Research & operational forecasting with the NMM: Radiation & fog in complex topography

Matthias Müller

University of  Basel

At the University of Basel, numerical weather forecasts for Europe are computed twice daily using the NMM, and are made available on the internet []. A visualization system was developed and
some animations are now used daily by national television. Special focus lies on the Alpine region, which is covered by two nested domains running at resolutions of 4 and 2 km, respectively.

A parameterization for radiation in complex topography was developed and tested.
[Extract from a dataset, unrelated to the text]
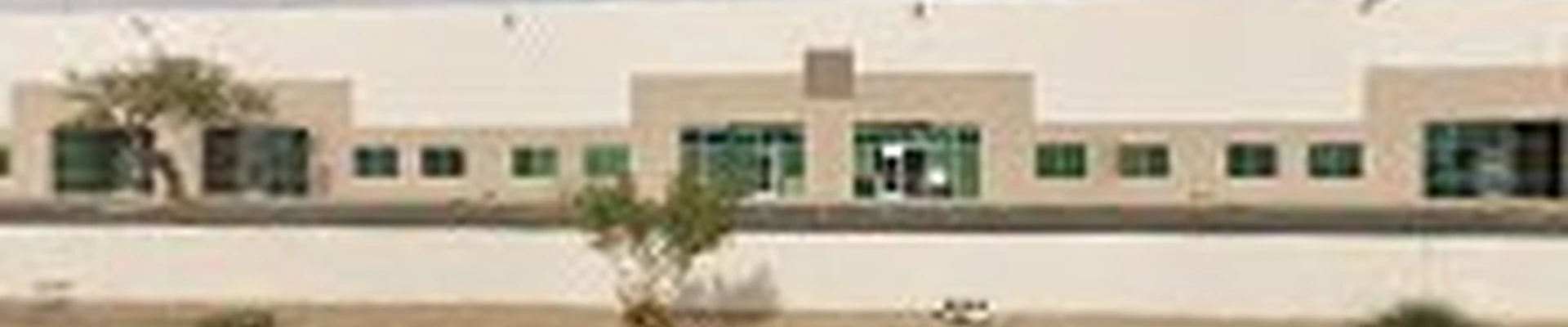 Best Phoenix Carpet Cleaning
The interactions of
radiation fluxes with the terrain due to sky view restriction, slope and aspect angle as well as shadows are computed based on a digital elevation model that has a higher resolution than the mesoscale model. Runtime computational costs are negligible, and temperature differences as high as 3 K are found in complex topography. Especially at night, the cold bias in valleys is significantly reduced.
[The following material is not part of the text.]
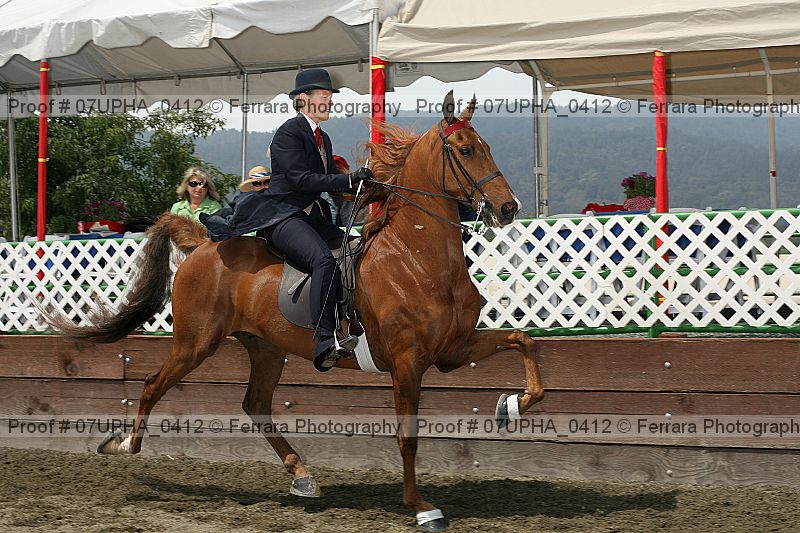 Proof 07upha_0412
Current research efforts focus on fog and low stratus clouds. An assimilation and ensemble system for 1D-
modelling was developed, but a 3D approach seems more promising for the topography in Switzerland. Therefore, detailed microphysics of the 1D fog model PAFOG were implemented into the Non-hydrostatic Mesoscale Model (NMM). This introduces total droplet number concentration as a new prognostic variable and a sophisticated determination of condensation/evaporation as well as size dependent droplet settling. The nature of radiation fog requires a high vertical resolution to model the steady growth from the surface. A thickness of approximately 4 meters in the lowest layers combined with the stable stratification during a fog event can cause problems in the standard turbulent exchange, resulting in a cold bias. In the case of liquid water advection, boundary conditions for the droplet number concentration have to be specified. In general, the new microphysics decrease fog water content to a more realistic value and the complex spatial distribution of simulated fog underlines the importance of the 3D approach.